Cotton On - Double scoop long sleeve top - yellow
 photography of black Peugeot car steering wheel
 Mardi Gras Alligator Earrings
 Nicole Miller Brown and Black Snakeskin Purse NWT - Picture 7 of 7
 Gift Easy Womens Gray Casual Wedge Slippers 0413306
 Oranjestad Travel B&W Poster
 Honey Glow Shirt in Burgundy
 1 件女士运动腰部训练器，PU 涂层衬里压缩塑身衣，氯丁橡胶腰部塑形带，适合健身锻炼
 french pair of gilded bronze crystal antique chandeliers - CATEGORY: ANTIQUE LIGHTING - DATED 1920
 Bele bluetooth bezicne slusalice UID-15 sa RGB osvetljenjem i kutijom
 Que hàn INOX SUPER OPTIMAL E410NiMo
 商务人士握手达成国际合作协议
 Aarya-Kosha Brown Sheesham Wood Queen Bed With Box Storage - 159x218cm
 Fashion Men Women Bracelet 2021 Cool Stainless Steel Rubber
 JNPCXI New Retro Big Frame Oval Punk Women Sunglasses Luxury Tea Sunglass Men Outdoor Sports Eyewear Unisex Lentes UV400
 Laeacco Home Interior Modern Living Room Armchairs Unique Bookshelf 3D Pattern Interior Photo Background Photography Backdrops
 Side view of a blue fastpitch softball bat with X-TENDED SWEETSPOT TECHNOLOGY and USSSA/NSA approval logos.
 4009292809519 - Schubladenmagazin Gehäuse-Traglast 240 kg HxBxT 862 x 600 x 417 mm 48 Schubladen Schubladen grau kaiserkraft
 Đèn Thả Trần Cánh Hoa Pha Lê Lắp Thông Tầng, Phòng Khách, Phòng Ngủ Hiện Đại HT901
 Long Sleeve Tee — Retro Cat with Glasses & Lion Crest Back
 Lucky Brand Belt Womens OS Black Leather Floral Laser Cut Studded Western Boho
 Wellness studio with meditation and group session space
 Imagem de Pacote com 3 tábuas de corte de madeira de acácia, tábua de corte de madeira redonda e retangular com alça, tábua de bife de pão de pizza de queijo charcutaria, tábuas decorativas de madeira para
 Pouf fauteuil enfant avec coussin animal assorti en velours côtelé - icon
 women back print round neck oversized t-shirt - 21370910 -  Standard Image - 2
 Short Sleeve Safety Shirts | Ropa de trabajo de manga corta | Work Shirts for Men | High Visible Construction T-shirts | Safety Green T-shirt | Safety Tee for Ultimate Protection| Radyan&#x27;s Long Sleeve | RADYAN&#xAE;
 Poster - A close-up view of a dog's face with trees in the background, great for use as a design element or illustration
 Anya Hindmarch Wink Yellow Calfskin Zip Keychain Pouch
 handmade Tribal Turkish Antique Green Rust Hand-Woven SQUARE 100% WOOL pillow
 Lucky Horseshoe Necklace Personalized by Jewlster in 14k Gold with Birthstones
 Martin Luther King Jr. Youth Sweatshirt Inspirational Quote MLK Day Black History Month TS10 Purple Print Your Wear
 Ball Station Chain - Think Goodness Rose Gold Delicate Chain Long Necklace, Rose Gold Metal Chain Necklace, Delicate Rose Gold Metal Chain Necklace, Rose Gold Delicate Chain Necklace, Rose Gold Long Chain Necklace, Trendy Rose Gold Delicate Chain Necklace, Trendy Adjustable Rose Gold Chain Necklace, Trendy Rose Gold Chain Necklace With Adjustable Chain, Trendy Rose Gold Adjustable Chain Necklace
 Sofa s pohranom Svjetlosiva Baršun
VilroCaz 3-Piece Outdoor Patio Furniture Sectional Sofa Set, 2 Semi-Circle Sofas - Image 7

● ● ● ●

YOUR ASSIGNMENT:
Find each line in the data above with the word "Lucky", then copy it.

SOLUTION:
 Lucky Brand Belt Womens OS Black Leather Floral Laser Cut Studded Western Boho
 Lucky Horseshoe Necklace Personalized by Jewlster in 14k Gold with Birthstones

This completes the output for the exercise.